Its basically just C with some generic structures thrown on top of it.
Also, it was created in 2000.
Its intent, as some have mentioned, was marketing.
Basically it does what Google Analytics or WebTrends does for the web.
It actually seems like a nice language, for those who want to quickly run through gigs of data.
I see nothing evil about the language itself.
It, like C, perl, PHP, or any other language you chose to use - Can be used for whatever purpose the programmer chooses.
Its intent was marketing, and almost every company in existence wants to know more about their customers.
Gee, can you conspiracy theorists take a break for a second and consider that, just perhaps, this was written for commercial telecom management, marketing and fraud detection purposes? It was written and in the public domain before 9-11.
The US Government uses Linux, so are we to presume that Linus Torvalds is an agent of George Bush and the broad conspiracy to spy on you?
If you look here and research the case a bit, you'll find that a Maryland company may have actually been more responsible for ATT's abilities than ATT would like to admit. That company is now defunct, unfortunately, and so it's now safe for ATT to pretend that they've done work in the area without answering to more law suits.
It was a very technically challenging job. We helped to index records for these guys until mid-2005. We did it in effectively O(n) time - the cool factor was higher than the say-nothing factor.

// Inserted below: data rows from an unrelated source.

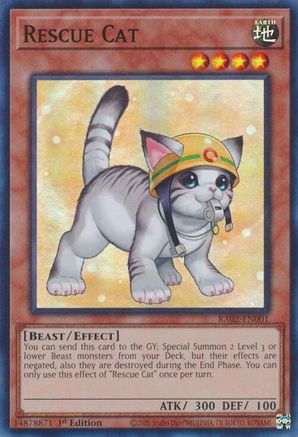 Rescue Cat (Alternate Art) (RA02-EN001) - Super Rare - 1st Edition - 25th Anniversary Rarity Collection II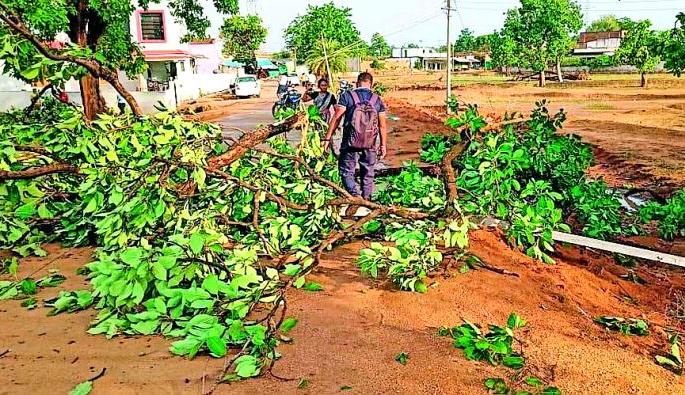 Heavy rains and hail hit Korchi taluka | कोरची तालुक्याला वादळी पाऊस, गारपिटीचा तडाखा Heavy rains and hail hit Korchi taluka | कोरची तालुक्याला वादळी पाऊस, गारपिटीचा तडाखा
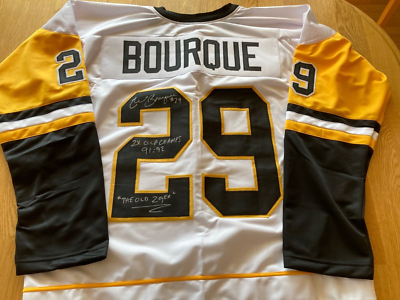 Penguins Phil Bourque Signed Jersey With two Inscriptions W/COA | eBay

And yes - I know that academia will claim that it's not possible, that data correlation must be O(n^2). For the decade that we did it, we were sure glad that academia held to that position.
Enough reminiscing.
Additionally, one can easily download the Hancock source code (for non-commercial use), manuals, and various research papers here:
http://www.research.att.com/~kfisher/hancock/
Conspiracy!
But bear in mind, this programming language was invented by people who are so insecure that they're willing to shred the Fourth Amendment to try and assuage their fear of terrorists. I think C=> might be more accurate.
Oh, good god.
./.
Either you must be new to this whole inter-tubes thing, or you're a right-wing apologist who's been assigned to
How about you go through the huge mass of stories reference here on Slashdot alone before whining about what everyone else is up to speed on, that you personally have been ignoring all this time. That link points to a large number of articles that touch on the subject (and several more showing that sadly, the US isn't the only government attempting to bloom into full-blown fascism using any possible excuse).

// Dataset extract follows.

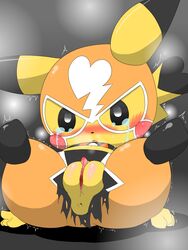 anus blush clitoris clothed clothing cosplay_pikachu female female_only feral fur furry furry113 furry_only nintendo pikachu pikachu_libre pokémon_(species) pokemon pussy sitting solo spread_legs spreading tail tears torn_clothing video_games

Or, if you just want a very simple primer to get you started, how about these three, related to the original exposure of the ILLEGAL NSA wiretap program, additional evidence supporting the allegations, and the federal circuit ruling clearly declaring it to be ILLEGAL:
The AT&T Whistleblower's Evidence
Wired Releases Full Text of AT&T NSA Document
Judge Rules NSA Wiretapping Unconstitutional
This isn't FUD. This is the real deal smoking gun. The only conspiracy here is the one this administration is engaged in to circumvent any and all legal protections intended to, for very good reason, explicitly limit the power of the executive to do exactly what they're doing.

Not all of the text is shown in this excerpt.